**What is being asked:** Please repeat the entries word for word and keep the images out.

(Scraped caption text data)
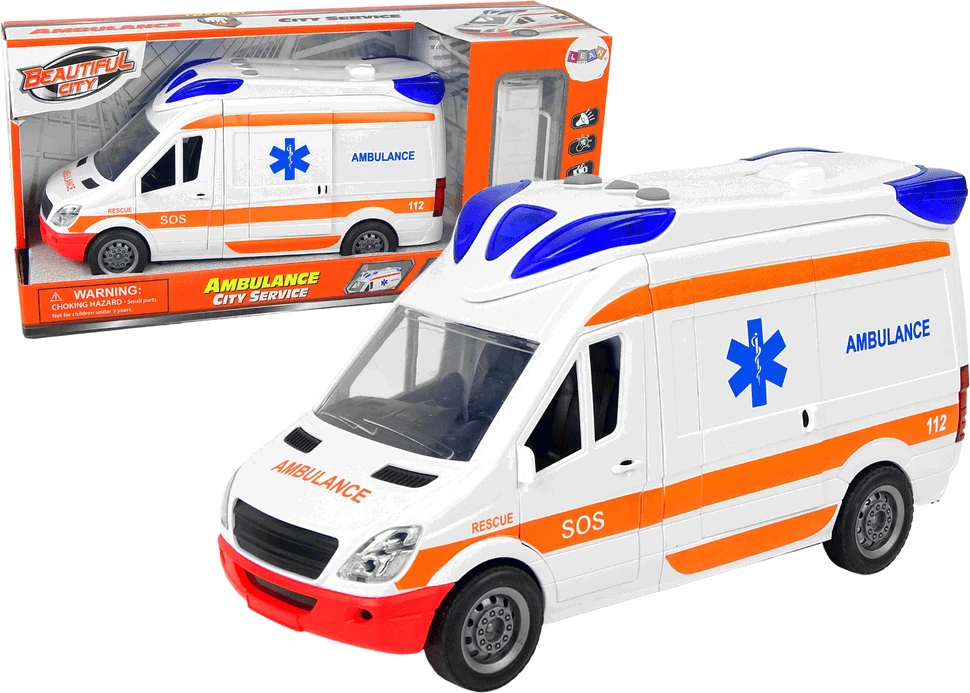 Lean Toys Greitosios pagalbos automobilis su garsais ir šviesomis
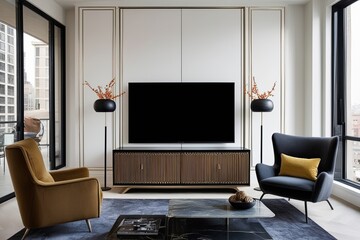 Contemporary Interior Design Featuring Elegant TV Cabinet and Trendy Armchair in Urban Living Room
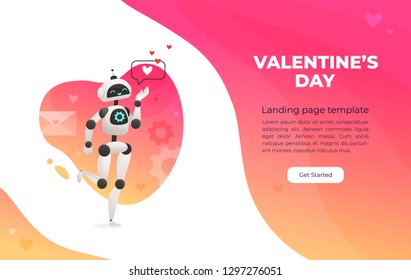 Concept of Artificial Intelligence, futuristic cyberpunk design, cyborgs work on surrealistic project, modern nano technology for website and mobile website. Landing page template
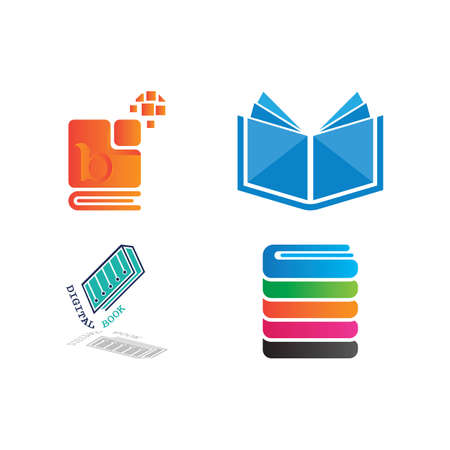 Digital book logo technology vector icon designのイラスト素材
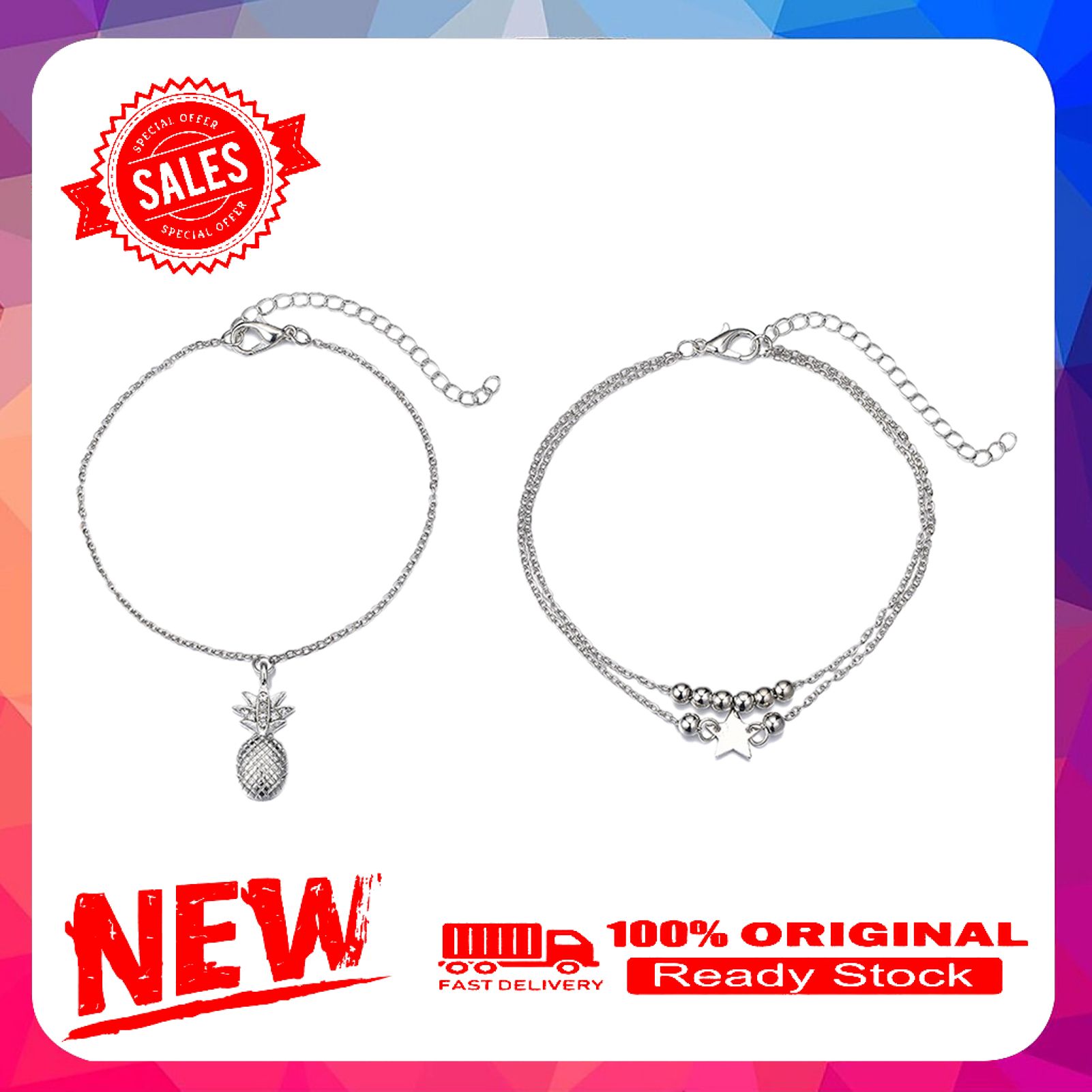 2Pcs/Set Star Pineapple Pendant Women Anklets Alloy Beads Multilayer Beach Anklets Foot Accessories
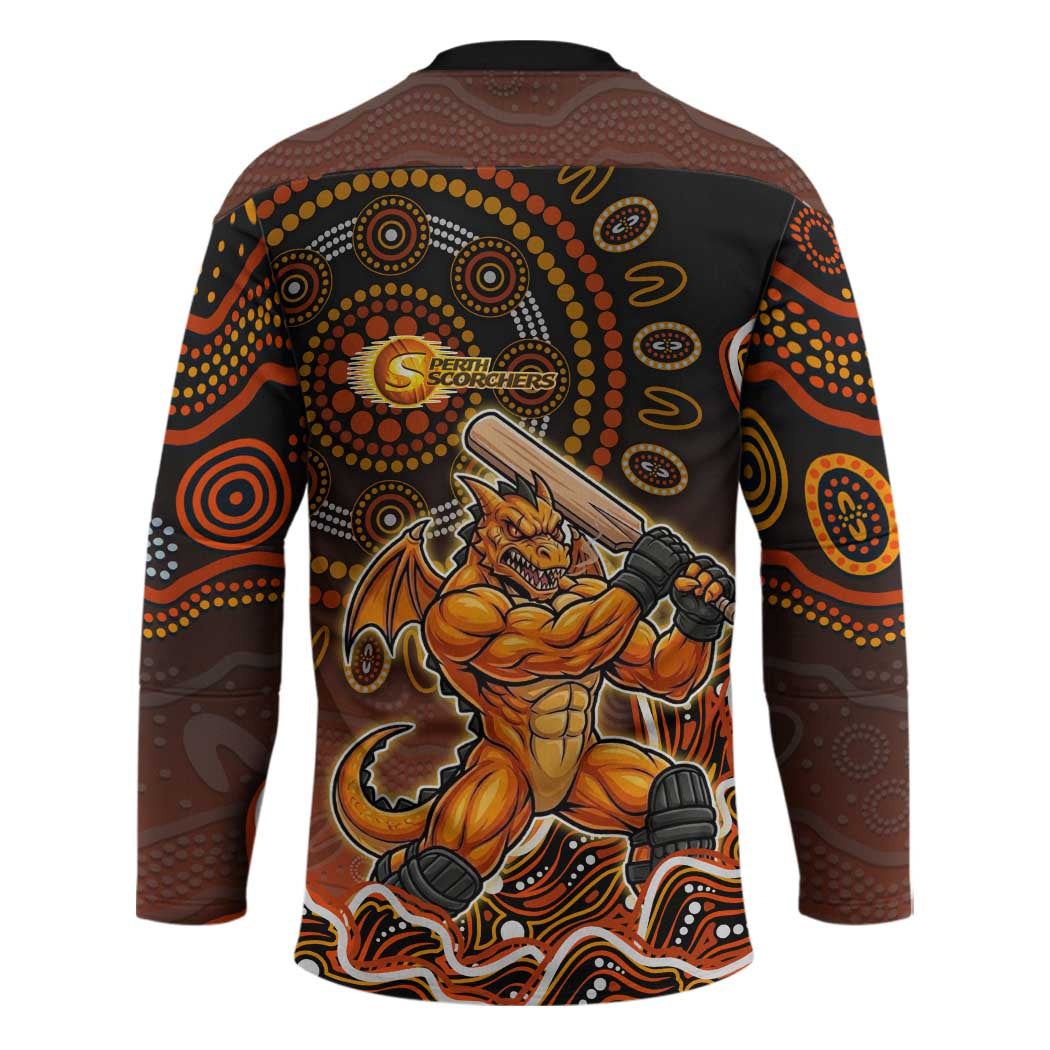 Perth Scorchers Cricket Mascot Hockey Jersey Aboriginal Dot Art Orange And Black Tribal Pattern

**Solution below:**
 Lean Toys Greitosios pagalbos automobilis su garsais ir šviesomis
 Contemporary Interior Design Featuring Elegant TV Cabinet and Trendy Armchair in Urban Living Room
 Concept of Artificial Intelligence, futuristic cyberpunk design, cyborgs work on surrealistic project, modern nano technology for website and mobile website. Landing page template
 Digital book logo technology vector icon designのイラスト素材
 2Pcs/Set Star Pineapple Pendant Women Anklets Alloy Beads Multilayer Beach Anklets Foot Accessories
 Perth Scorchers Cricket Mascot Hockey Jersey Aboriginal Dot Art Orange And Black Tribal Pattern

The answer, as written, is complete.